South Dakota native faces up to 65 years in prison

Madeline Fuerstenberg

More stories from Madeline Fuerstenberg

October 13, 2020


The Altoona Police Department got a potential sexual predator off the streets – but at what cost did this victory come?

The Altoona Police Department arrested a 28-year-old man last week, charging him with felony counts of child enticement, the attempted sexual assault of a child and with the attempted use of a computer to facilitate a child sex crime, according to the Leader-Telegram.

Upon first glance, this is wonderful news: Another predator is off the streets and our community is a little bit safer.

But maybe it’s not that simple.

Last Tuesday, an Altoona police officer responded to Alex Bawek’s Craigslist post. This post advertised Bawek was in the Eau Claire area, and was looking for “a female or couple who wanted to have some fun.”

This alone is creepy, but that’s not the issue.

The officer who responded to this ad posed as a 14-year-old girl, initiating contact with Bawek. After exchanging messages online for some time, the conversation began to grow sexual in nature, according to the criminal complaint. Bawek asked for pictures of the “young girl,” and later arranged to come pick her up.

Upon arriving at the “young girl’s” apartment, Bawek was met by a uniformed police officer and questioned. He admitted his intentions of meeting and having sex with a 14-year-old girl. If Bawek gets convicted of all three charges, he could face up to 65 years in prison.

This is a tough situation. On one hand, Bawek is clearly a creep. On the other hand, he hadn’t actually gone out searching for underage girls. It’s almost as if this officer tricked Bawek into doing something illegal.

I want to be very clear about this: I am not defending Bawek. The fact he was willing to meet up with an underaged girl shows he is clearly a disgusting human being. I just can’t help but wonder whether or not the police officer’s actions were lawful or ethical. Sting operations are not unusual for law enforcement agencies, but this seems off to me.

I’d also like to draw attention to when Bawek asked for a “sexy picture” of the “girl” he was speaking to, the officer actually sent him a photo of a 14-year-old girl in a bikini. Who is this girl, and is she aware that she is being used to entice potential pedophiles?

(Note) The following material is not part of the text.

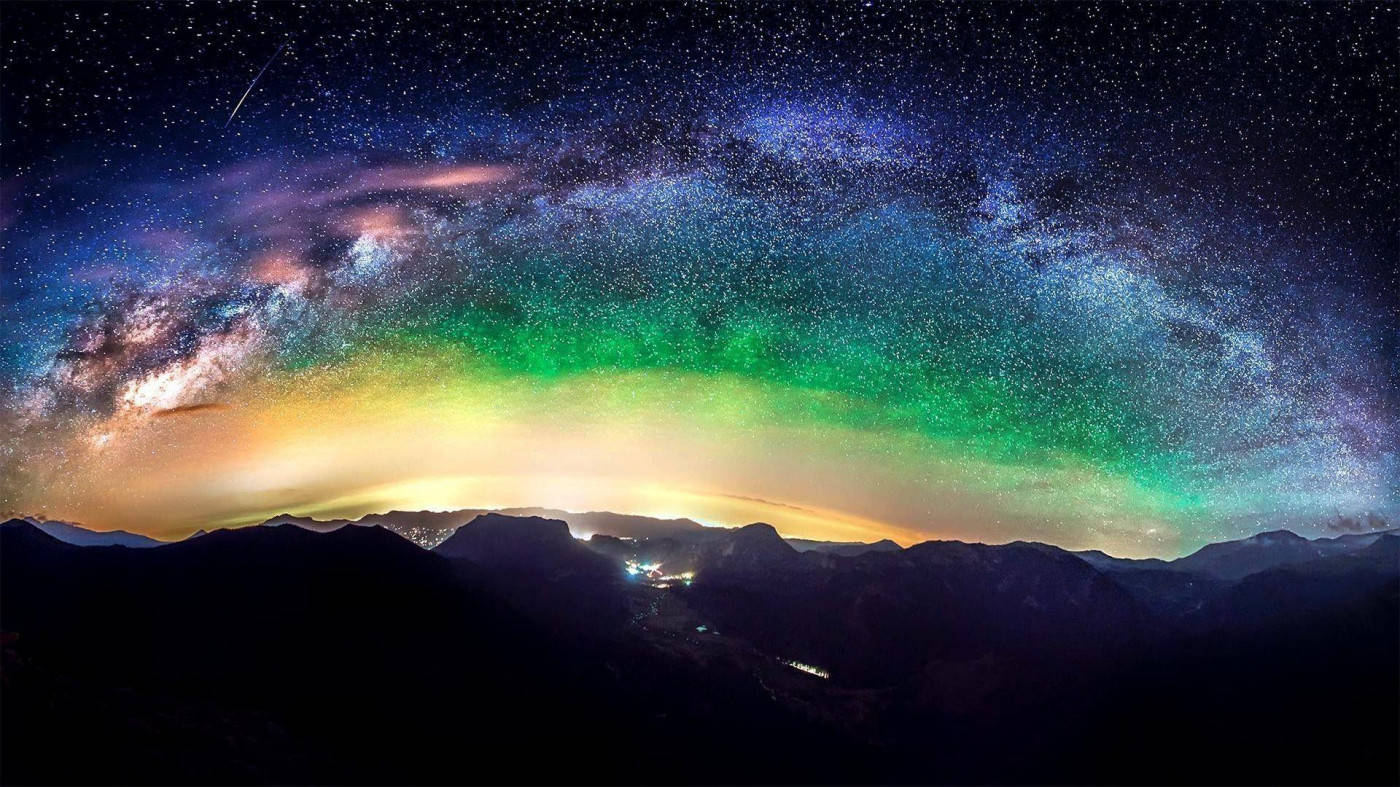 Mountain 桌布 壁紙 — 令人屏息的夜空籠罩著山巒剪影，銀河與北極光以鮮豔的綠色和紫色閃耀。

This is not the only situation in which law enforcement used sting tactics to bait potential criminals. A 2014 article from the Washington Post discussed similar instances in which the Washington, D.C. police went undercover in order to “recruit people they think are likely to commit armed robberies,” stage some sort of heist or crime, then arrest them. These were not actual criminals who were targeted, but people the police thought were “likely” to commit crimes.

This tactic has received harsh criticism from defense attorneys and legal experts who question “whether the police should be encouraging people to commit crimes they might not have otherwise committed by providing invented opportunities and, in some cases, guns and getaway cars.”

Sound a little familiar? It does to me.

Perhaps we aren’t being told the entire story. For all I know, the Altoona police had been suspecting this guy of being a super-mega-creep for months, and they had finally devised a plan to catch him. If that’s the case, they should clarify.

Maybe this is all over my head. Maybe I just don’t know enough about the situation — or about law enforcement tactics — to understand everything that went down. But I challenge you to consider this: Does a man — albeit, a very creepy man — necessarily deserve 65 years in prison for crimes that he was baited into attempting to commit?